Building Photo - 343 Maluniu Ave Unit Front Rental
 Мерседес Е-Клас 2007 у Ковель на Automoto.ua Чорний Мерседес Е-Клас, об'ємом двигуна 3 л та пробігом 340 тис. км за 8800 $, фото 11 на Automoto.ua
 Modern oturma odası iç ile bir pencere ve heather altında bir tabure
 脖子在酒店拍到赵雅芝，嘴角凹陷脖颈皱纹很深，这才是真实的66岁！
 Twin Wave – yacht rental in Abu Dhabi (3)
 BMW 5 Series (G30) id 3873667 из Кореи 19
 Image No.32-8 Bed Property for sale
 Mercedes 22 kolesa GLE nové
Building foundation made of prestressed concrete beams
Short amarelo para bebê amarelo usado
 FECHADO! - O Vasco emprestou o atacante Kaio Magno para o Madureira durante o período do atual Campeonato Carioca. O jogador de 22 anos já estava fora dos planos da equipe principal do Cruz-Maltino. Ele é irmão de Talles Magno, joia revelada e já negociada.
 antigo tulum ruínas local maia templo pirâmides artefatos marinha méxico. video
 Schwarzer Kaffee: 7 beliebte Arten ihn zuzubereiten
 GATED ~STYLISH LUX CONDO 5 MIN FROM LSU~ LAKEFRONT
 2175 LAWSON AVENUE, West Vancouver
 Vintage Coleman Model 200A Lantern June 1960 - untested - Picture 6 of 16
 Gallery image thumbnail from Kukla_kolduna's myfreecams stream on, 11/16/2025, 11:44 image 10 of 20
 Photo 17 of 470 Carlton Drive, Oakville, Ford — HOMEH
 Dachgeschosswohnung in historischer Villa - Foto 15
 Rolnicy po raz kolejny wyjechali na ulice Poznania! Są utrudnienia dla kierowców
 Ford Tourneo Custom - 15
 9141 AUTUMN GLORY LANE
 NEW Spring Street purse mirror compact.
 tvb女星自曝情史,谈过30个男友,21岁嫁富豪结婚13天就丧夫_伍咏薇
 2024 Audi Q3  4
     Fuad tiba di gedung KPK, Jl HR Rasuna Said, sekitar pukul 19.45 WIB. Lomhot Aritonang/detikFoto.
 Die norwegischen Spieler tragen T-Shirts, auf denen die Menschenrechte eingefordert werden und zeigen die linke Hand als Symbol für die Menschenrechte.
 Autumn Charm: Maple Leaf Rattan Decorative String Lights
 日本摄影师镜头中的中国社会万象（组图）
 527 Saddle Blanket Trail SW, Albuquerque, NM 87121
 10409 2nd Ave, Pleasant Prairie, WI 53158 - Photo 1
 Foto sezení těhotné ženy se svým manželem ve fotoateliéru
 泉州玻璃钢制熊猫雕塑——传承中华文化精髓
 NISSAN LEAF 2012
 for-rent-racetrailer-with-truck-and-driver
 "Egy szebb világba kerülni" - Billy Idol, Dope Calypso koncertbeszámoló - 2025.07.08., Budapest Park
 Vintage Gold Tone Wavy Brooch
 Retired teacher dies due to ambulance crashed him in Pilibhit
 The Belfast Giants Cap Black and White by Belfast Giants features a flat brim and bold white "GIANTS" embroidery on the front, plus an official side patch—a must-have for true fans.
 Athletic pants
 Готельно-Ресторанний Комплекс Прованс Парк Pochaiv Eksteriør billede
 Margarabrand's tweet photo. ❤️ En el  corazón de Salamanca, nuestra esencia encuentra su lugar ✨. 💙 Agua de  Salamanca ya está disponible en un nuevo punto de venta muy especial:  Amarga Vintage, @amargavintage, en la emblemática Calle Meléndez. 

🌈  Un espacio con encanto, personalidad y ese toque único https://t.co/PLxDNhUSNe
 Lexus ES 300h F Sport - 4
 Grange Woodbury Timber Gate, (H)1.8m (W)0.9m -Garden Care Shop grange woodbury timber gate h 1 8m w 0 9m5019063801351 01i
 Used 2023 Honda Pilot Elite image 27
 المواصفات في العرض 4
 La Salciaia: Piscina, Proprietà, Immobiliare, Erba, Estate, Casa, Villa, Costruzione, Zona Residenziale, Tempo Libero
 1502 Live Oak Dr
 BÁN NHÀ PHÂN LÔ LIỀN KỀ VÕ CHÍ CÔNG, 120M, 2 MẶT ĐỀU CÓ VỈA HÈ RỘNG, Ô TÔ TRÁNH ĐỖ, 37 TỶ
+---+
* Work instructions: Lines from the records above that hold "Villa" are the ones to list.

* Result for this exercise:
 Dachgeschosswohnung in historischer Villa - Foto 15
 La Salciaia: Piscina, Proprietà, Immobiliare, Erba, Estate, Casa, Villa, Costruzione, Zona Residenziale, Tempo Libero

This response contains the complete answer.